The short announcement published on October 21, 2020, from the swaps division of the Commodity Futures Trading Commission (CFTC), the Division of Swap Dealer and Intermediary Oversight (DSIO), provides advice and guidance on how FCMs across the U.S. should handle cryptocurrencies and virtual assets. The post further digs in on how ‘to hold and report certain deposited virtual currency from customers in connection with physically-delivered futures contracts or swaps.'
The U.S. government is gradually regulating the field, learning how to govern the blockchain and cryptocurrency innovations. The advisory note aims to regulate FCMs holding virtual assets and the risk management processes when accepting cryptocurrency deposits from customers.
Joshua B. Sterling, Director of the DSIO, stated the commission's core value is to offer clarity and protection to market participants hence the latest advisory note. He further stated,
“The CFTC is committed to fostering responsible fintech innovation and improving the regulatory experience of registered firms where doing so is consistent with our rules.

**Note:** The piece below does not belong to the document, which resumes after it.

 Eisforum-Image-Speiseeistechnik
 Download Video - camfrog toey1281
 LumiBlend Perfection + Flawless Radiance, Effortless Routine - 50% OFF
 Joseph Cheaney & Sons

This advisory furthers these critical goals and will provide additional certainty on these issues as the Commission works to establish a holistic framework for digital asset derivatives.”
Futures Commission Merchants refer to institutions, trusts, corporations, associations, and partnerships that accept orders “for the purchase or sale of any commodity for future delivery.” They also accept payments and give credit to any party that has their orders accepted on the futures markets.